◆ **Work to be completed**:
Among the lines below, the one containing "Pokemon Alolan Ninetales" opens the range and the one containing "Wimbledon Jackets &" closes it. Print that range exactly, without the pictures.

◆ **Source data**:
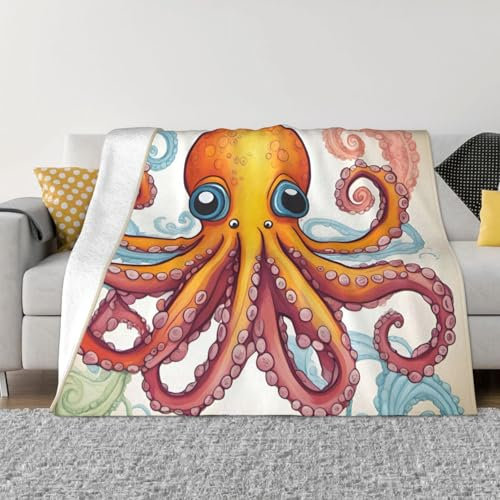 Color Octopus ultraweiche Fleece-Decke, gemütlich, leicht, warm für Bett, Couch, Sofa und Reisen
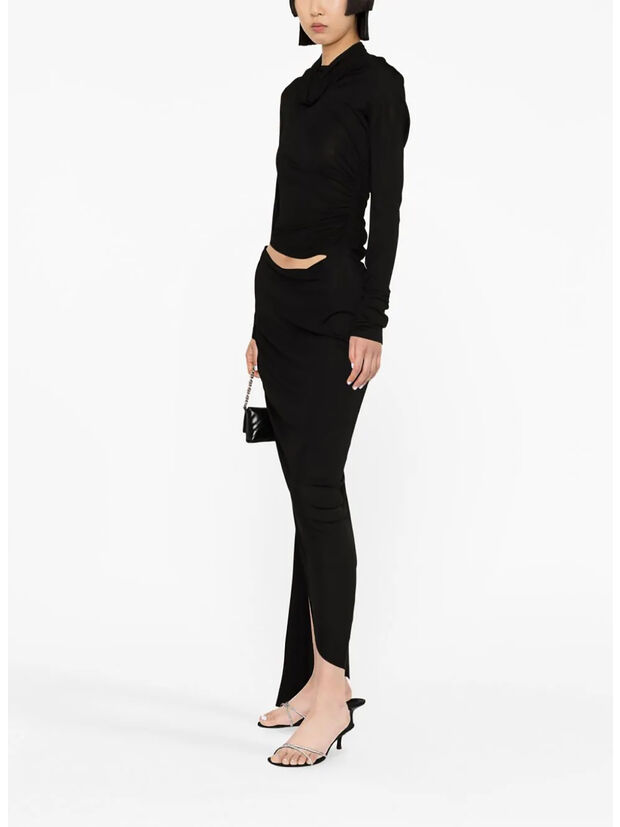 ABITO DRAPED JERSEY ASYMMETRIC MIDI, 0473 BLACK, large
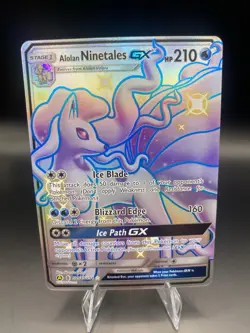 Pokemon Alolan Ninetales GX TCG Full Art Holo Card SV53/SV94 NM Condition - Image 1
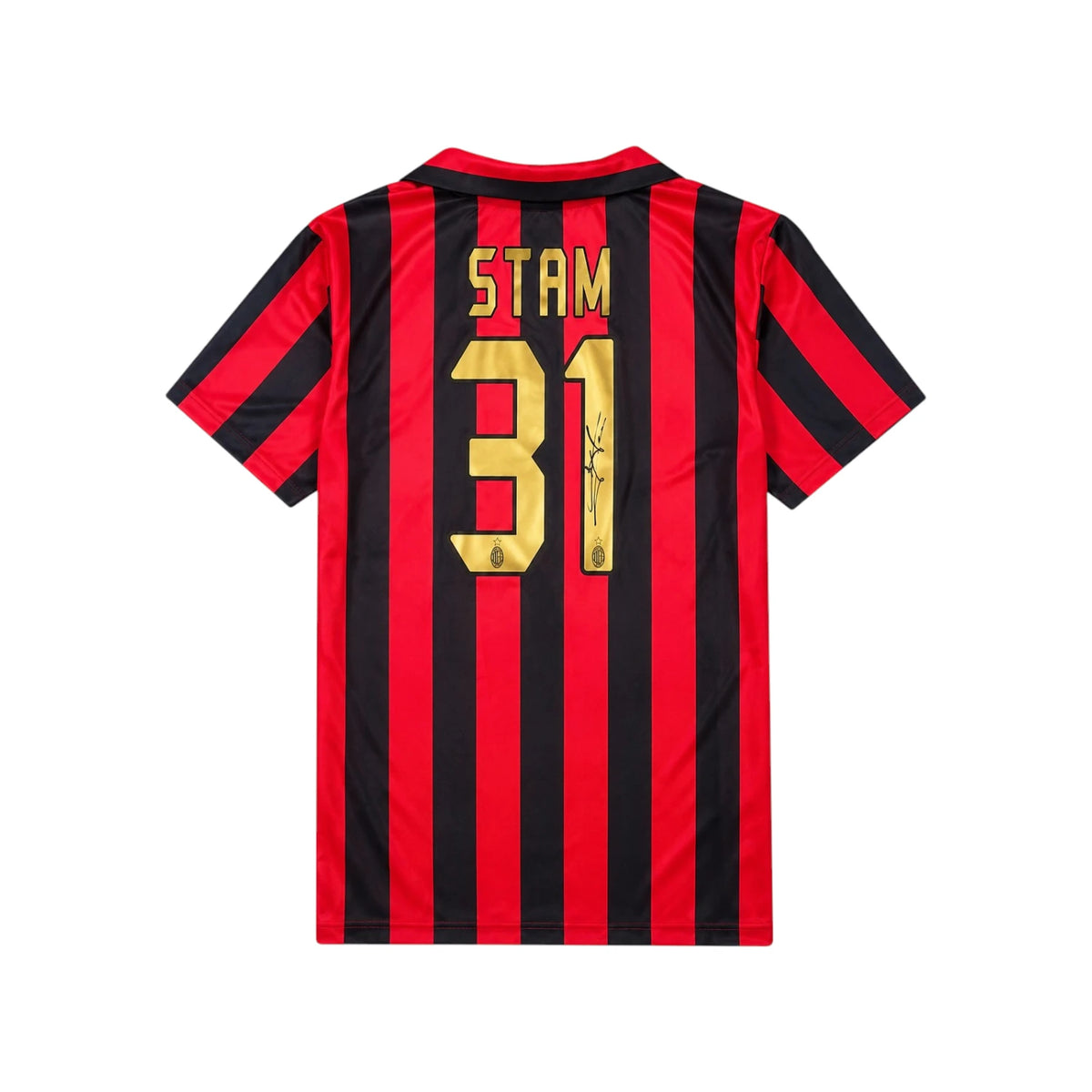 Back of a red and black AC Milan number 31 football shirt signed by Jaap Stam. Hoofdafbeelding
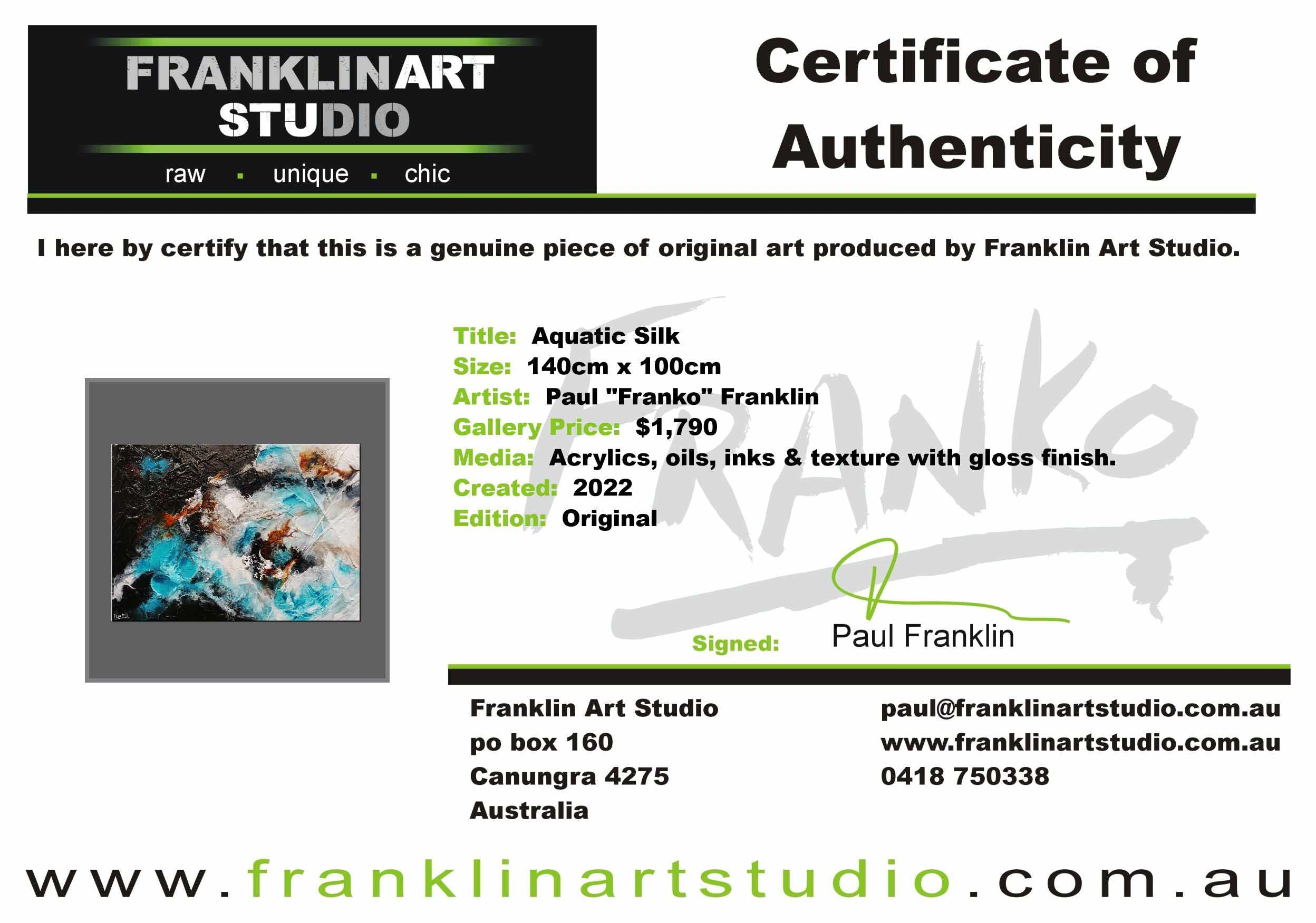Aquatic Silk 140cm x 100cm Aqua Black Textured Abstract Painting (SOLD)-Abstract-Franko-[franko_art]-[beautiful_Art]-[The_Block]-Franklin Art Studio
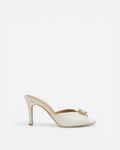 nou the mule in ivory satin gold gem bridal high heel side view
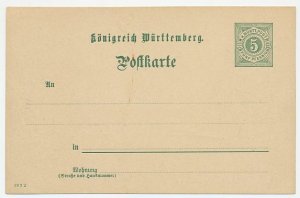 Postal stationery Wurttemberg 1902 Stamps - Beer - Umbrella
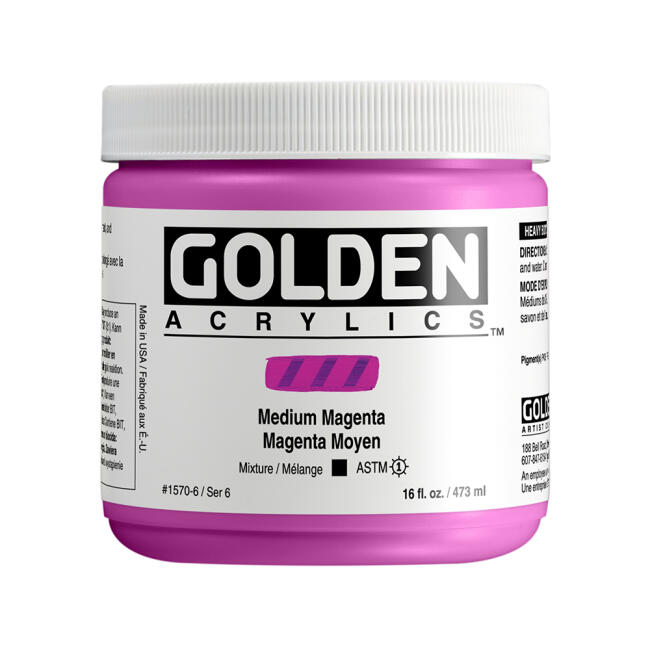 Golden Heavy Body Akrilik Boya 473 ml Seri 6 Medium Magenta 1570 - 1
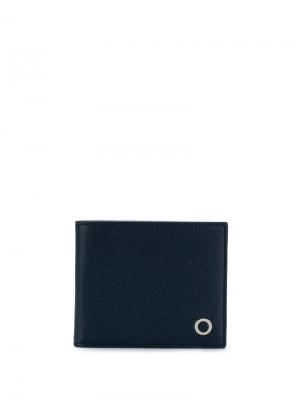 Классический бумажник Bulgari. Цвет: синий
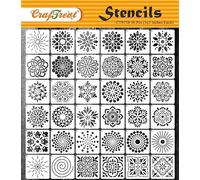 CrafTreat Plantillas de mandala reutilizables de 36 piezas para pintar 3 x 3 pulgadas, plantillas de bricolaje para manualidades, amigos, elegantes plantillas de mandala para pintura de puntos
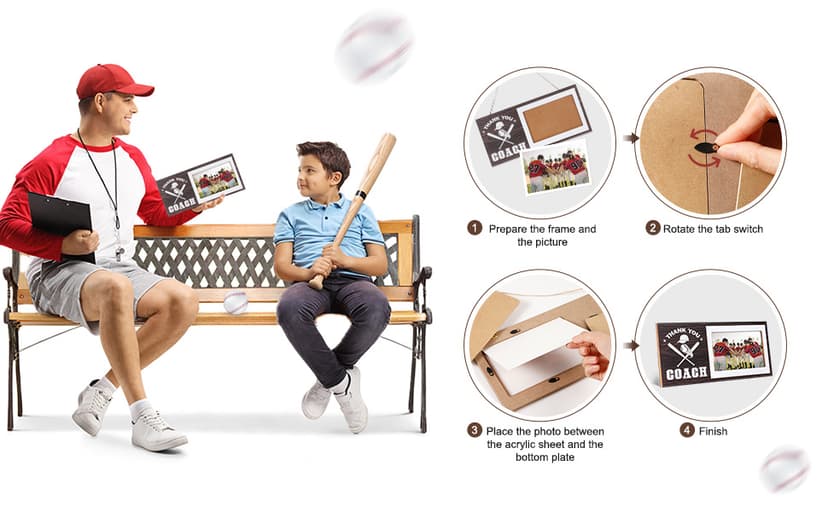 Sumind Sport Graduation Coach Picture Frame Football Softball Baseball Soccer Basketball Volleyball Graduation Photo Frame Thank You Coach Gift 4" x 6"(Basketball)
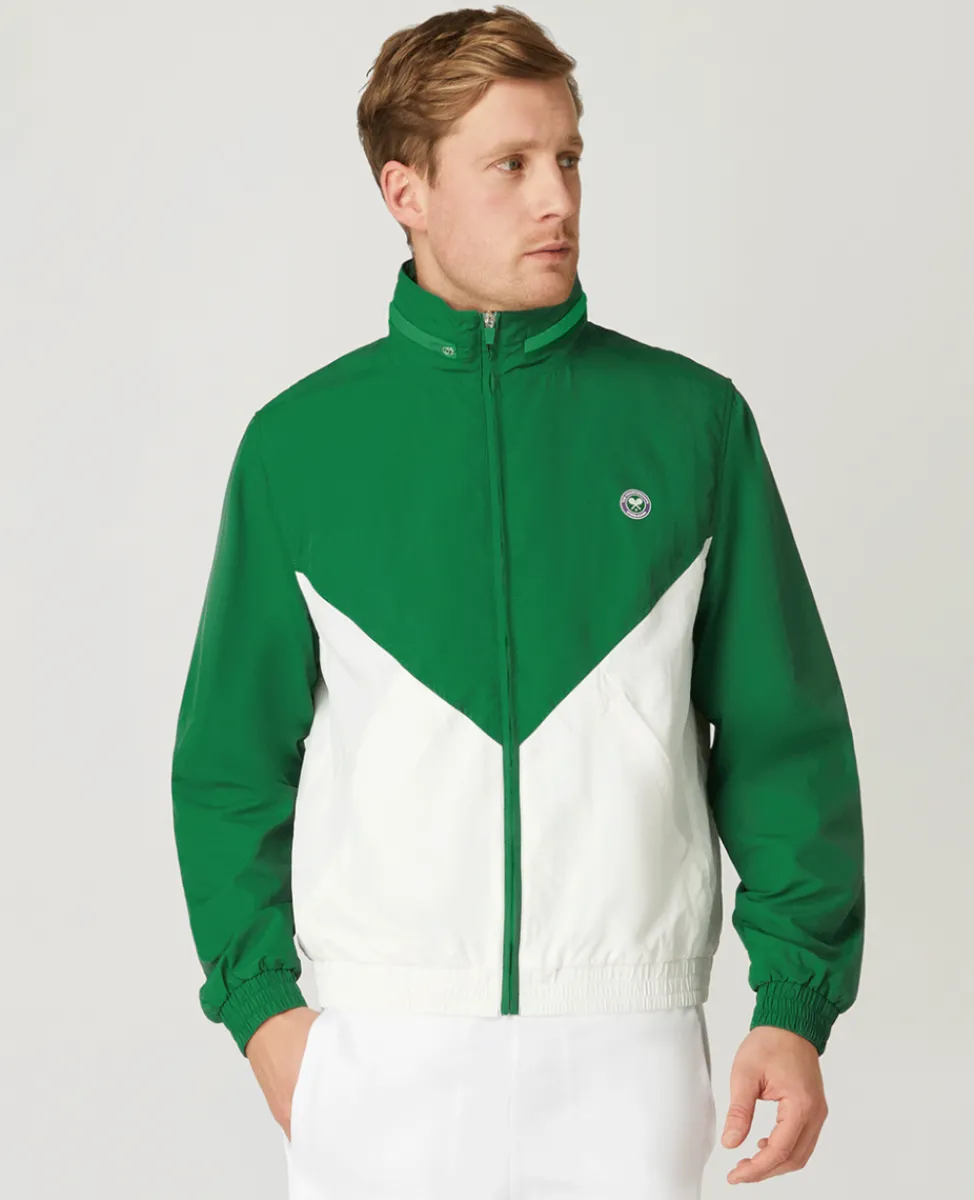 Wimbledon Jackets & Coats-Mens Windbreaker Jacket - Green & White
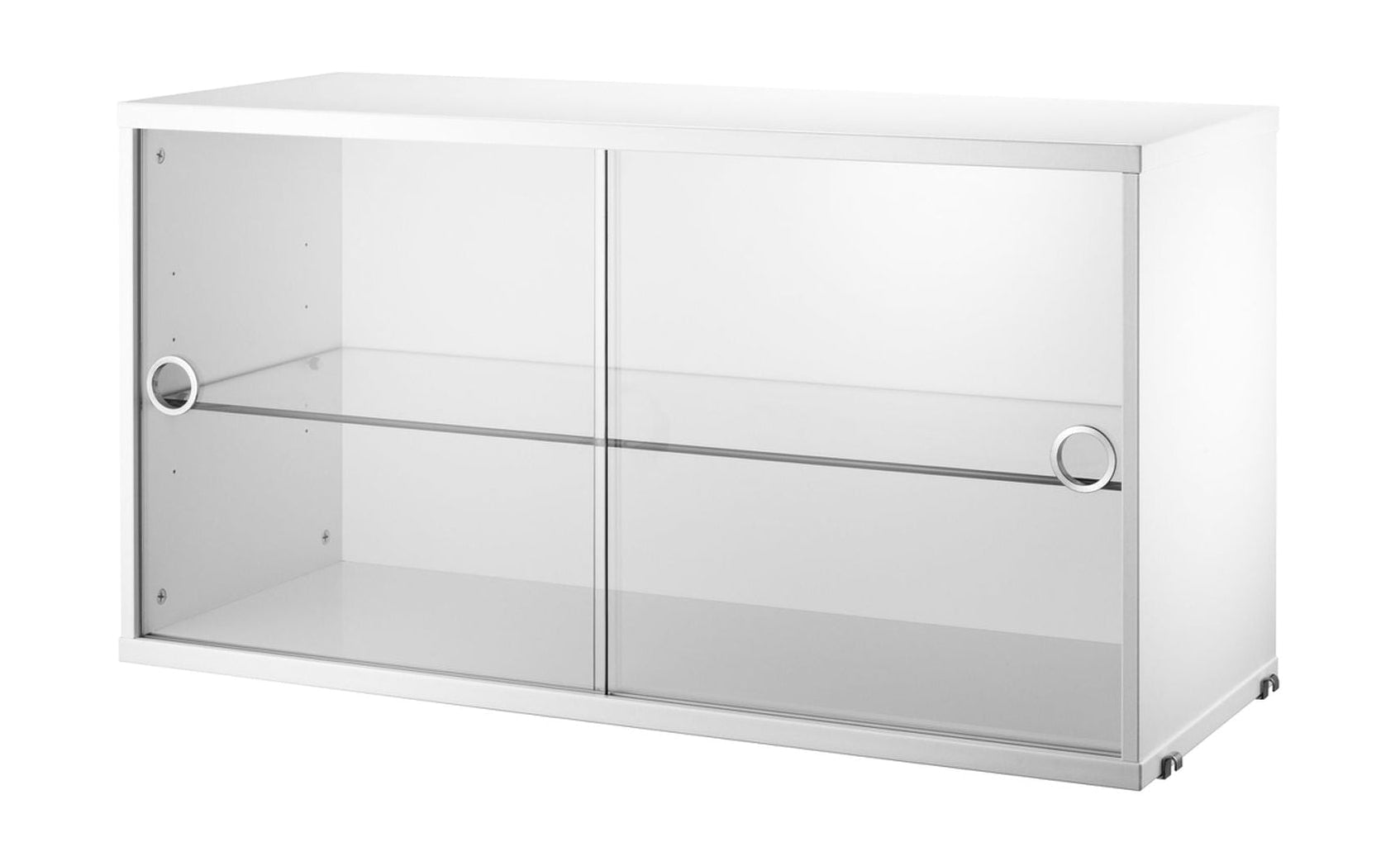 String Furniture String System Cabinet Element met schuifglazen deuren, wit
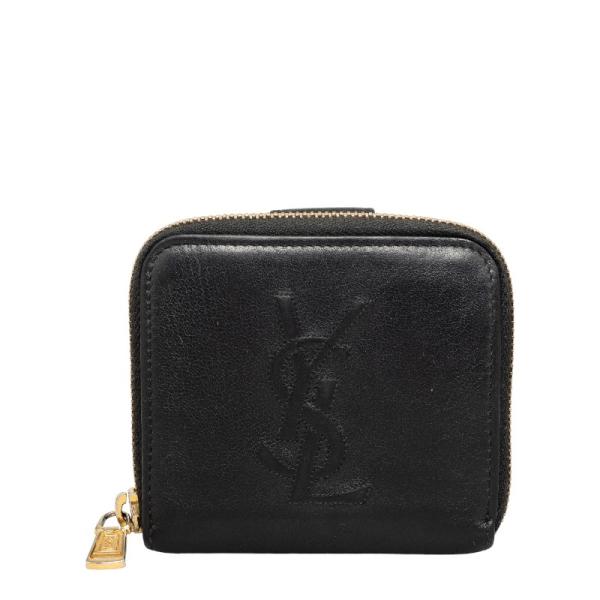 YSL 二つ折り財布 口紅柄 黒 楽天市場】イヴサンローラン 二つ折り財布 ロゴ 中古 ブラック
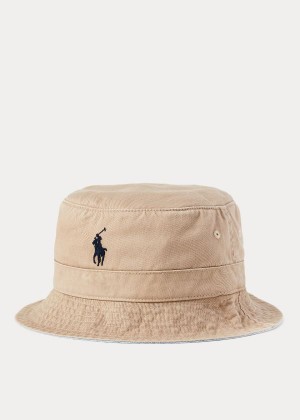 Gloves & Hats Ralph Lauren Cotton Chino Bucket Hat Męskie Khaki | MDZZ8499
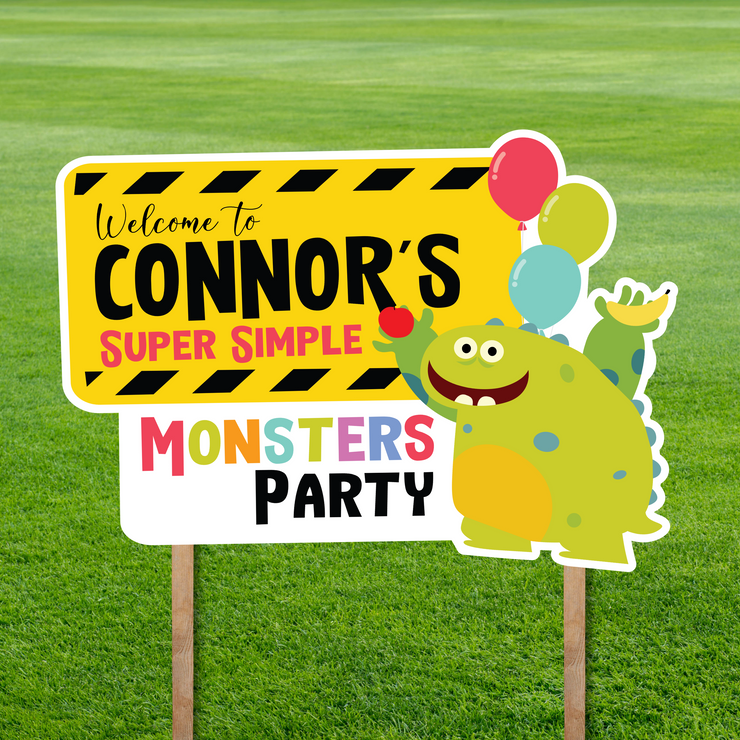 Super Simple Monsters Party Yard Sign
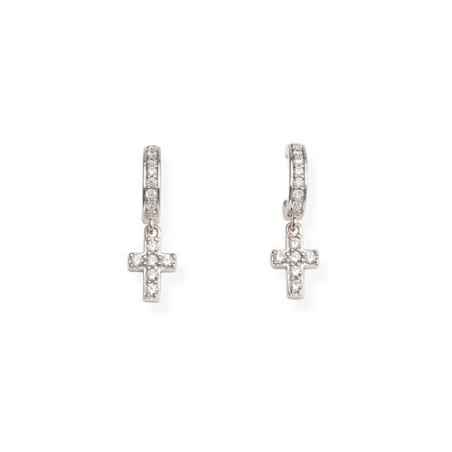 ORECCHINI CROCE E ZIRCONI BIANCHI DONNA AMEN  EBCBB Amen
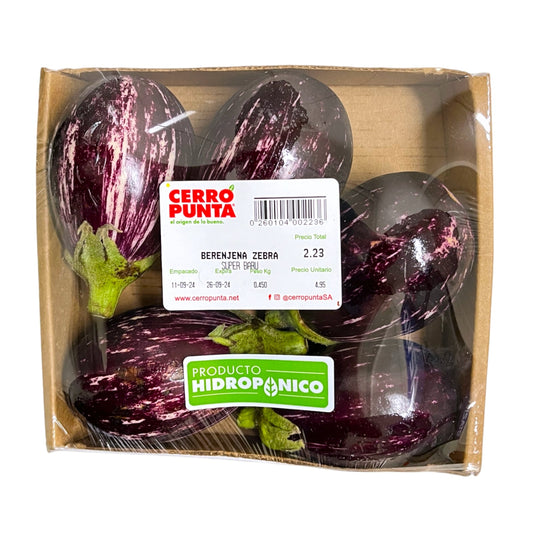 BERENJENA ZEBRA EMPACADA CERRO PUNTA POR 0.454 KG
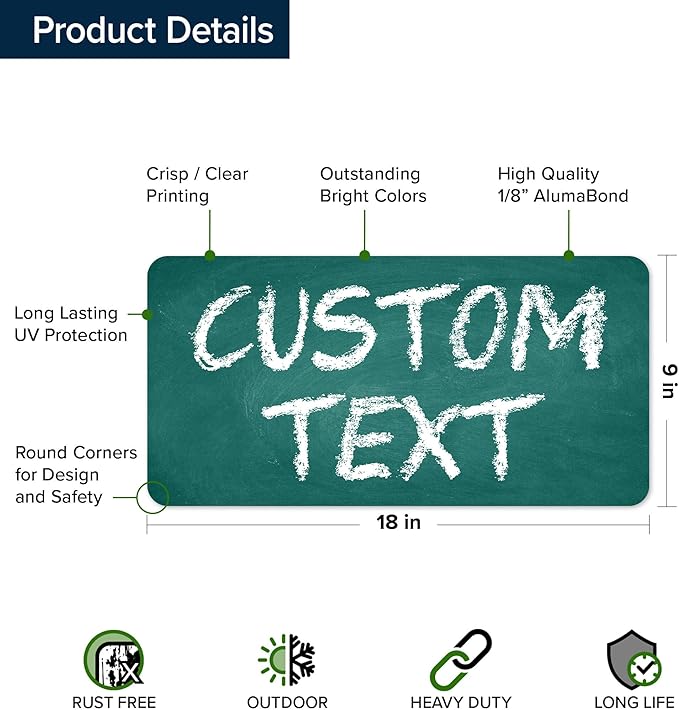 Custom Sign, Custom Street Sign, 11 Font Colors, 13 Font Styles, 4 Hole Options, 22 Sizes, 9x18 Inches, Rust Free DiBound, Fade Resistant, Made in USA by My Sign Center (Chalkboard Green)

◆ **Response to this exercise**:
 Pokemon Alolan Ninetales GX TCG Full Art Holo Card SV53/SV94 NM Condition - Image 1
 Back of a red and black AC Milan number 31 football shirt signed by Jaap Stam. Hoofdafbeelding
Aquatic Silk 140cm x 100cm Aqua Black Textured Abstract Painting (SOLD)-Abstract-Franko-[franko_art]-[beautiful_Art]-[The_Block]-Franklin Art Studio
 nou the mule in ivory satin gold gem bridal high heel side view
 Postal stationery Wurttemberg 1902 Stamps - Beer - Umbrella
 Golden Heavy Body Akrilik Boya 473 ml Seri 6 Medium Magenta 1570 - 1
 Классический бумажник Bulgari. Цвет: синий
 CrafTreat Plantillas de mandala reutilizables de 36 piezas para pintar 3 x 3 pulgadas, plantillas de bricolaje para manualidades, amigos, elegantes plantillas de mandala para pintura de puntos
 Sumind Sport Graduation Coach Picture Frame Football Softball Baseball Soccer Basketball Volleyball Graduation Photo Frame Thank You Coach Gift 4" x 6"(Basketball)
 Wimbledon Jackets & Coats-Mens Windbreaker Jacket - Green & White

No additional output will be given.